Atualmente muito se fala sobre a inflação estar descontrolada, mas é importante saber as principais diferenças entre o IGP-M e IPCA ,além dos fatores que impactam cada um.

Nos próximos parágrafos, você irá conferir as características dos dois índices, ter uma compreensão melhor sobre o assunto e descobrir o impacto de ambos no seu bolso.

Não deixe de utilizar os simuladores gratuitos da Somas que se enquadram no assunto tratado: a calculadora do IGP-M e a do IPCA.

Suas informações estão seguras com a Somas.


IPCA


O IPCA, considerado a inflação oficial do país, é monitorado pelo Banco Central para definir a taxa básica de juros da economia, a Selic. É calculado pelo Instituto Brasileiro de Geografia Estatística (IBGE), e tem o objetivo de medir a variação dos preços de forma geral para as famílias com rendimentos de 1 a 40 salários-mínimos, qualquer que seja a fonte, residentes em diferentes áreas urbanas.

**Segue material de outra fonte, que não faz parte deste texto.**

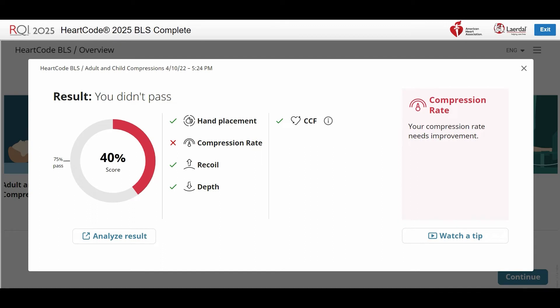For Compression Rate, your compressions were too fast or too slow, or sometimes a combination of both. Your compressions should be at a rate between 100 to 120 per minute. For further assistance, click the card for the 110 beats per minute metronome video.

As cestas dos produtos e serviços que são pesquisados mensalmente para compor o IPC-A têm como componentes itens de diversas naturezas. Além do nosso velho conhecido arroz e feijão, fazem parte também aparelhos eletrônicos, transporte público, atividades de lazer, aparelhos eletrônicos e muitos outros. Cada item listado na cesta do IPC-A, possui um peso específico baseado na média do consumo da população. Logo, esses itens acima possuem um peso maior se comparado a comunicação ou vestuário.

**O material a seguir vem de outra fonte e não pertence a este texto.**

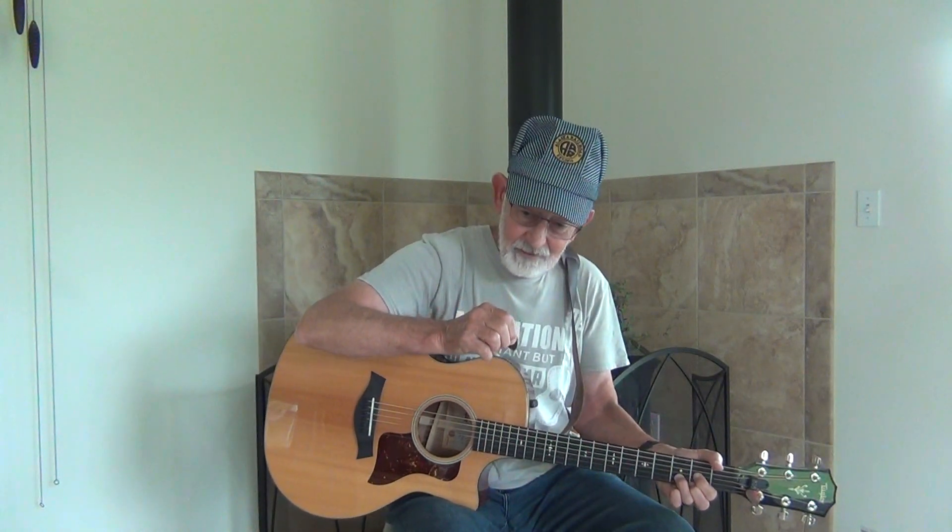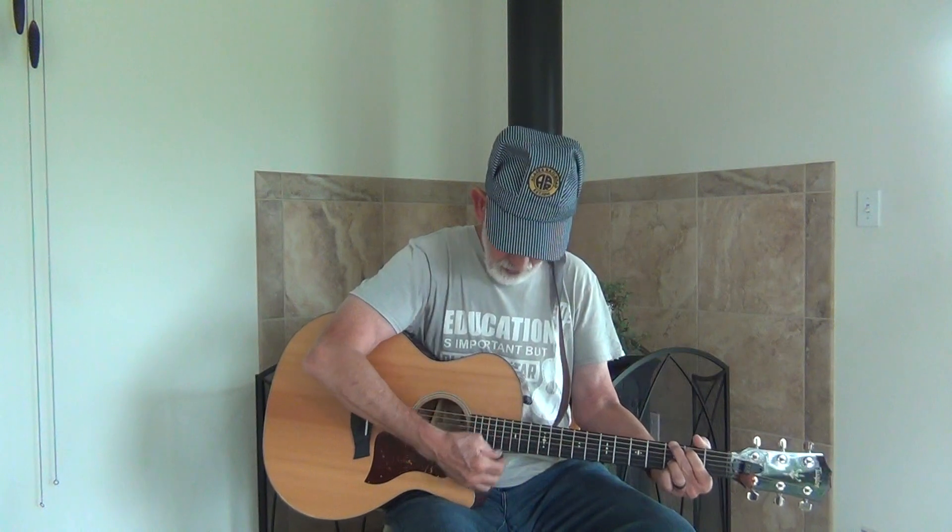We're trying to hit the D string and then strum the chord, but sometimes you're going to miss that first note — don't worry about that, it'll come later. The idea is to get the proper strumming pattern. We're going to go: D and two and three and four and, D and two and three and four and.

O IPCA mensal é o principal indicador, porém outros índices também são considerados e divulgados mensalmente, gerando uma prévia do indicador mensal. O IPCA-15 segue uma metodologia igual ao IPCA mensal, com a diferença sendo o período de coleta, que vai do dia 16 do mês anterior ao dia 15 do mês seguinte.

Ele é crucial para aqueles que buscam fazer investimentos (veja o glossário de investimentos), já que pode ser usado com intuito de calcular o rendimento de certo ativo- você consegue descobrir o retorno que obterá a partir da nossa ferramenta gratuita.


IPCA - Composição

Agora entraremos em mais detalhes relacionados à composição do IPC-A. É essencial entender a cesta de produtos e serviços de forma mais detalhada para compreender os motivos pela disparada do IGP-M (falaremos mais adiante) e não do IPCA neste ano de 2021.

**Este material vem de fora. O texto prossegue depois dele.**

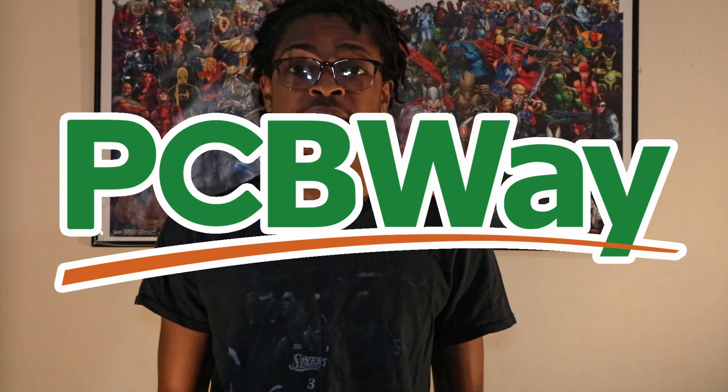Hello everyone, welcome back to Stuart Technologies. In today's video I'll be going over how I created this Wi-Fi controlled LED lamp that I call the Emotion Lamp. Huge thanks to PCBWay, the sponsor of today's video, for providing me with the PCBs for this project. More on that later in the video.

Para a definição da composição da cesta de produtos e serviços, o IBGE realiza a Pesquisa de Orçamentos Familiares (POF). Essa pesquisa procura medir os principais hábitos de consumo dessas famílias, criando um padrão para cada tipo de gasto no orçamento médio dos brasileiros.

A POF é atualizada pelo IBGE de forma recorrente. Assim como a economia muda, os hábitos de consumo dos brasileiros também mudam. Por exemplo, um brasileiro comum hoje possui um consumo bastante diferente se comparado ao de 15 ou 20 anos atrás. Essa atualização realizada pelo IBGE, garante uma confiança metodológica ao indicador.

A última atualização da composição do IPCA foi feita no início de 2020. Listamos abaixo os principais grupos de gastos que são considerado no IPCA neste ano:

Grupo Peso
Alimentação e bebidas 19,3%
Habitação 15,6%
Artigos de residência 3,8%
Vestuário 4,6%
Transportes 20,6%
Saúde e cuidados pessoais 13,5%
Despesas pessoais 10,7%
Educação 6,1%
Comunicação 5,7%
Fonte: IBGE

O IPCA atual inclui elementos que até poucos anos atrás nem sequer existiam, como por exemplo: serviços de streaming (Netflix, Amazon Prime, etc...) e transportes por aplicativo (Uber, 99, Cabify, etc...). Ao mesmo tempo que itens são inseridos, outros produtos e serviços deixam de ser representativos na composição dos gastos dos brasileiros(as), como por exemplo: locação de filmes e telefone público.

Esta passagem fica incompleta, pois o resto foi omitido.